Awards and highlights
- Second-team All-SEC (2014);

Career NFL statistics
- Total tackles: 2
- Stats at Pro Football Reference

= Ronald Martin (American football) =

American football player (born 1993)

Ronald Jermaine Martin Jr. (born February 26, 1993) is an American former professional football player who was a safety in the National Football League (NFL). He was signed by the Seattle Seahawks as an undrafted free agent in 2015. He played college football for the LSU Tigers.

==Early life==
Martin attended White Castle High School where he was three-star recruit on Rivals.com and Scout.com. Martin was ranked as the 21st best prospect in the state of Louisiana by Tigerbait.com. Martin was selected to the All-State first-team in football and basketball. Martin was selected to the 2010 LSWA Class 1A All-State football team.

==Professional career==
===Seattle Seahawks===
On May 2, 2015, Martin signed with the Seattle Seahawks as an undrafted free agent following the 2015 NFL draft.

===New York Jets===
On September 6, 2015, Martin was claimed off waivers by New York Jets. On September 28, the New York Jets waived Martin. On September 30, Martin was re-signed to the practice squad. On November 12, 2015, the Jets elevate him back to the active roster. On November 21, 2015, he was waived. On November 24, 2015, he was re-signed to the practice squad.

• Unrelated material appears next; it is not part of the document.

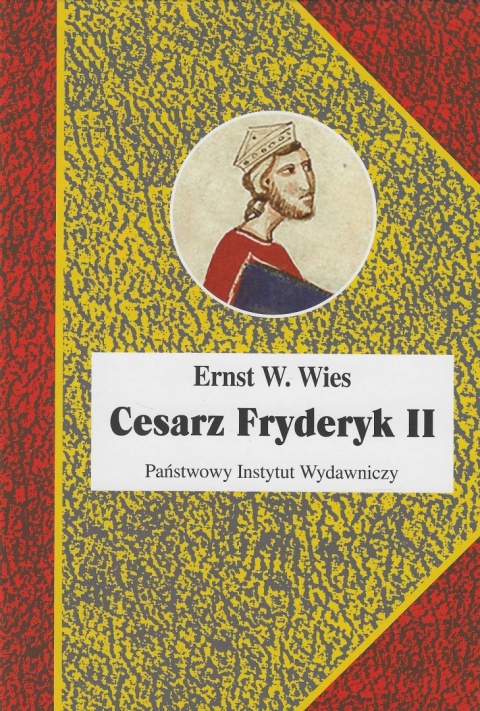 Cesarz Fryderyk II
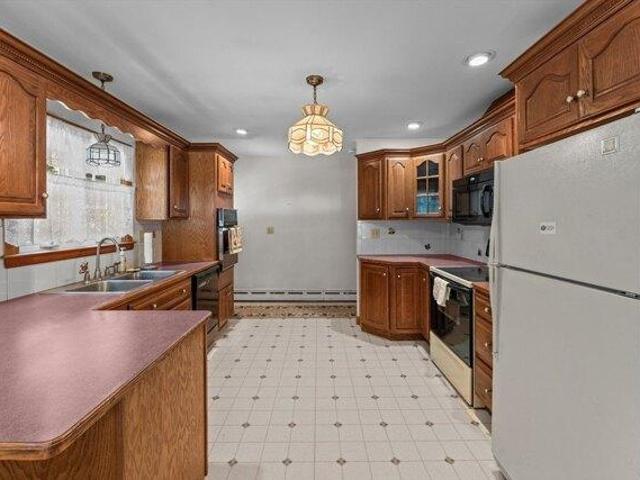 House for sale in Bristol, Massachusetts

Martin was waived by the Jets on September 4, 2016 and was re-signed to the practice squad. He was released on September 29, 2016. He was re-signed to the practice squad on October 4, 2016. He was promoted to the active roster on December 13, 2016.

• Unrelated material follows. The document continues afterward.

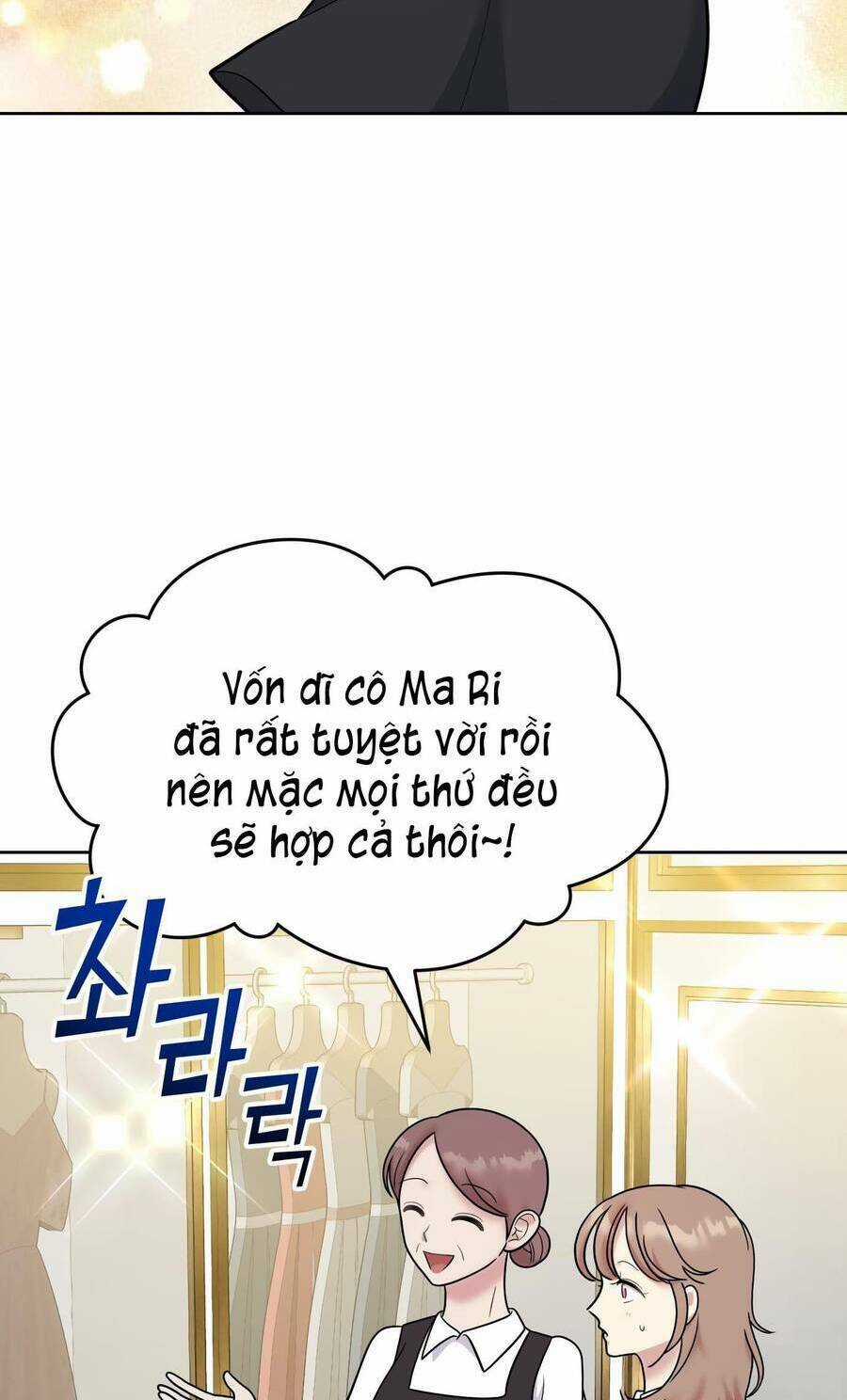 Quản Gia, Làm Ơn! - Chapter 5 - Trang 63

===Indianapolis Colts (first stint)===
On August 28, 2017, Martin was traded to the Indianapolis Colts for long snapper Thomas Hennessy. He was waived on September 3, 2017 and was signed to the practice squad the next day. He was released by the team on September 12, 2017.

===Baltimore Ravens===
On September 18, 2017, Martin was signed to the Baltimore Ravens' practice squad. He was released by the team on October 10, 2017.

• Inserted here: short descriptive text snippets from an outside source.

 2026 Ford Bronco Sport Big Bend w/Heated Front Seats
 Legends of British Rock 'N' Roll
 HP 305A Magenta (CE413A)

===Indianapolis Colts (second stint)===
On October 24, 2017, Martin was signed to the Colts' practice squad. He was promoted to the active roster on December 22, 2017.

On September 1, 2018, Martin was waived/injured by the Colts and was placed on injured reserve.

===Atlanta Falcons===
On August 2, 2019, Martin was signed by the Atlanta Falcons. He was released on August 31, 2019.

===Dallas Renegades===
Martin was selected in the 10th round in phase four in the 2020 XFL draft by the Dallas Renegades. He was placed on injured reserve on December 19, 2019. He had his contract terminated when the league suspended operations on April 10, 2020.